Half a mile up the wintry lane, I left it for a trail leading down towards Preston Brook.  Matika and I followed the trail until it emptied into a small yard harboring an ancient wild apple tree.  There we picked up a set of deer tracks running parallel to the brook.  A light snow fell as man and dog disappeared into the woods.

I traced those deer tracks for a half hour or so, as my canine companion cavorted all over the place.  Happy dog, sniffing and running.  Man plodding along.  The brook murmured beneath the ice, peeking out occasionally from broken seams.  Patches of hemlock green adorned the otherwise naked forest.  The snow blanketing the ground muffled all sound.  I passed a fresh, rectangular hole drilled into a nearby dead tree, but no woodpecker came into sight.  No birds at all, in fact.  Intense quiet.

I unrolled my foam pad atop a snow-covered boulder next to the brook, and sat down on it.  Short lunch break at midday.  Matika ate a cup of kibble from a hole I dug in the snow then lined with plastic.  I nibbled an energy bar left over from a backpacking trip last summer, dreaming of warmer days.  Although shrouded by ice and snow, I recognized a deep pool in the brook about twenty yards downstream and imagined casting my line in there again as I have many times in the past.  Hmm…  Opening day of trout season still two months away…

Sometimes I come out here to ponder the mysteries of the universe.  Other times I come out just to sit quietly by the brook, letting its gentle murmur wash away all my thoughts.  The chill of my own sweat got to me, though, before either thought or no-thought could occur.  I packed up my rucksack and headed farther upstream.  The surrounding mountains were calling my name.
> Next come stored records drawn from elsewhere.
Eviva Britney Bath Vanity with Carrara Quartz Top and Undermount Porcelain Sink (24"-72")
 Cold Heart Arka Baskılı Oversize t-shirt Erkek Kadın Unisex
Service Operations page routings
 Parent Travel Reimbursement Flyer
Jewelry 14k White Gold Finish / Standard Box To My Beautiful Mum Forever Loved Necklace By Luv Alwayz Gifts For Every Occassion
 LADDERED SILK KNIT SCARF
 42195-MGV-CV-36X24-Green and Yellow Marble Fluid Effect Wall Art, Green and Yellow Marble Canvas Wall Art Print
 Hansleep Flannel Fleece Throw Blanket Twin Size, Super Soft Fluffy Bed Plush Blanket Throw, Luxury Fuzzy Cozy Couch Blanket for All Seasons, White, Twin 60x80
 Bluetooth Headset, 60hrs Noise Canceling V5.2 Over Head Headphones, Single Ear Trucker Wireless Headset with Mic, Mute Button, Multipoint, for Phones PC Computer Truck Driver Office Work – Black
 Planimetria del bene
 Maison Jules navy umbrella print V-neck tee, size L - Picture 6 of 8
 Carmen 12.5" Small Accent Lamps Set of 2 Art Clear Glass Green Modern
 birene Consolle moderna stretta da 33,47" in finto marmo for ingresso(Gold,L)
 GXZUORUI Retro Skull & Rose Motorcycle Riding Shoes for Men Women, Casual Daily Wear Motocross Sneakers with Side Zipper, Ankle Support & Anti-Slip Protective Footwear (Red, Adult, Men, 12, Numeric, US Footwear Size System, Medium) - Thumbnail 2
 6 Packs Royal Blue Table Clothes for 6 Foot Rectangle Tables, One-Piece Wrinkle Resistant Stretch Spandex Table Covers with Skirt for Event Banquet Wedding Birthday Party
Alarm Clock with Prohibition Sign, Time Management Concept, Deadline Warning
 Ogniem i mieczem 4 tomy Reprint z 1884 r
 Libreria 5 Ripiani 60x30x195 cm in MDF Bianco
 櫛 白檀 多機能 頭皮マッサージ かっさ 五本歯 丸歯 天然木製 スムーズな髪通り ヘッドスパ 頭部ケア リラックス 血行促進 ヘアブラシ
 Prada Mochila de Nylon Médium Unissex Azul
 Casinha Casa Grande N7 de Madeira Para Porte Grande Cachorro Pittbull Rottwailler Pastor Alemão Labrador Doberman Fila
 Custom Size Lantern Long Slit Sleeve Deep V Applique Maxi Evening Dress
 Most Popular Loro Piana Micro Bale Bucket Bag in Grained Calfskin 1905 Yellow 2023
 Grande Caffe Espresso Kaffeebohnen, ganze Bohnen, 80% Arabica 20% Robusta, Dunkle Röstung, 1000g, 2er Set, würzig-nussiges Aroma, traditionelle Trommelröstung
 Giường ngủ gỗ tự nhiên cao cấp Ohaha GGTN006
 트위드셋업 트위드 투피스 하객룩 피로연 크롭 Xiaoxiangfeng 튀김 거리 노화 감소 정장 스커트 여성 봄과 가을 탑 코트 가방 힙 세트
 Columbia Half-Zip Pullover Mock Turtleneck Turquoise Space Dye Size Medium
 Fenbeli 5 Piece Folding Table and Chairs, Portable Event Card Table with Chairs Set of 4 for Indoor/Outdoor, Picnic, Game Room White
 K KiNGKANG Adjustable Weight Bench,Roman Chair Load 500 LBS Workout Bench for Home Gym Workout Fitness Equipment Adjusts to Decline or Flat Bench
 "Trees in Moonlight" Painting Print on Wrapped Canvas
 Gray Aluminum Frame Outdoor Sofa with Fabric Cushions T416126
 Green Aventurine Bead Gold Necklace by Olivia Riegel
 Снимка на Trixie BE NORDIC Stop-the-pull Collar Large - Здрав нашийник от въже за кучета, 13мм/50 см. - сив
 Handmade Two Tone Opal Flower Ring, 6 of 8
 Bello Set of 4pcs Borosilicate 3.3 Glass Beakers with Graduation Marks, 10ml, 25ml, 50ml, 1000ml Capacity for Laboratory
At some point early in the afternoon, I gave up my aimless wandering and returned to the lane.  Then it was an easy walk out, crisscrossing the tracks of animals just as restless as me.  The snow flurries, which had stopped at midday, started up again.  I reached my car much faster than expected.  And I ran the car heater full blast during the long drive home.

It was good to get out and stretch my legs, but I’m really looking forward to spring.  Hungrier for it now than I’ve been in years.  Not sure why.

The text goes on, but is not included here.